If I use batch_size=1, my Skip-gram implementation will raise error as following: (in pytorch 0.1.12 the code works well. but in 0.3.0 raises Runtime Errors)

  • CPU version:
Traceback (most recent call last):
  File "/home/zarzen/Dev/sgns/train.py", line 32, in <module>
    train()
  File "/home/zarzen/Dev/sgns/train.py", line 25, in train
    loss.backward()
  File "/home/zarzen/.pyenv/versions/anaconda3-4.3.0/lib/python3.6/site-packages/torch/autograd/variable.py", line 167, in backward
    torch.autograd.backward(self, gradient, retain_graph, create_graph, retain_variables)
  File "/home/zarzen/.pyenv/versions/anaconda3-4.3.0/lib/python3.6/site-packages/torch/autograd/__init__.py", line 99, in backward
    variables, grad_variables, retain_graph)
RuntimeError: invalid argument 1: expected 3D tensor, got 4D at /opt/conda/conda-bld/pytorch_1513368888240/work/torch/lib/TH/generic/THTensorMath.c:1630
  • GPU version
# same position traceback as CPU version
RuntimeError: invalid argument 6: expected 3D tensor at /Users/zarzen/Dev/pytorch/torch/lib/THC/generic/THCTensorMathBlas.cu:442

I have uploaded codes at Github: https://github.com/zarzen/sgns. To reproduce the bug, changing batch_size=1 in train.py. To run the code, run preprocess.py first then train.py.

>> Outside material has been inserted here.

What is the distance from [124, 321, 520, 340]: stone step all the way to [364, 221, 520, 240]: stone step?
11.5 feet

If I change batch_size greater than 1, the implementation works fine. I know batch_size==1 is not reasonable. But if the data_length % batch_size == 1 then the last batch produced by dataloader could be sized 1, which will cause problem. The easy fix could be checking whether such situation will happen or not and changing batch_size correspondingly. I just hope to know whether my code logic
contains some more crucial issues.

Following is the model snippet:
(The input data of skipgram mode is pairs
[ (w_t1, w_c1),
(w_t2, w_c2),
…]
)

class EmbeddingNN(nn.Module):
  """ single hidden layer embedding model"""
  def __init__(self, voc_size, emb_size=300, init_with=None):
    super(EmbeddingNN, self).__init__()
    padding_idx = 0
    self.voc_size = voc_size
    self.emb_size = emb_size
    self.iembeddings = nn.Embedding(self.voc_size, self.emb_size)
    self.oembeddings = nn.Embedding(self.voc_size, self.emb_size)
    # pylint: disable=no-member
    if init_with is not None:
      assert init_with.shape == (voc_size, emb_size)
      self.iembeddings.weight = nn.Parameter(FloatTensor(init_with))
    else:
      self.iembeddings.weight = nn.Parameter(FloatTensor(voc_size, emb_size).uniform_(-1, 1))
    self.oembeddings.weight = nn.Parameter(FloatTensor(voc_size, emb_size).uniform_(-1, 1))
    # pylint: enable=no-member
    self.iembeddings.weight.requires_grad = True
    self.oembeddings.weight.requires_grad = True


  def forward(self, data):
    """"""
    return self.forward_i(data)


  def forward_i(self, data):
    """ get input vectors"""
    idxs = Variable(LongTensor(data))
    idxs = idxs.cuda() if self.iembeddings.weight.is_cuda else idxs
    return self.iembeddings(idxs)


  def forward_o(self, data):
    """ get output vectors"""
    idxs = Variable(LongTensor(data))
    idxs = idxs.cuda() if self.oembeddings.weight.is_cuda else idxs
    return self.oembeddings(idxs)


  def get_emb_dim(self):
    return self.emb_size


class SkipGram(nn.Module):
  """"""

  def __init__(self, emb_nn, n_negs=64, weights=None):
    super(SkipGram, self).__init__()
    self.emb_model = emb_nn
    self.voc_size = emb_nn.get_emb_dim()
    self.n_negs = n_negs
    self.neg_sample_weights = None
    if weights is not None:
      wf = np.power(weights, 0.75) # pylint: disable=no-member
      wf = wf / wf.sum()
      self.neg_sample_weights = FloatTensor(wf)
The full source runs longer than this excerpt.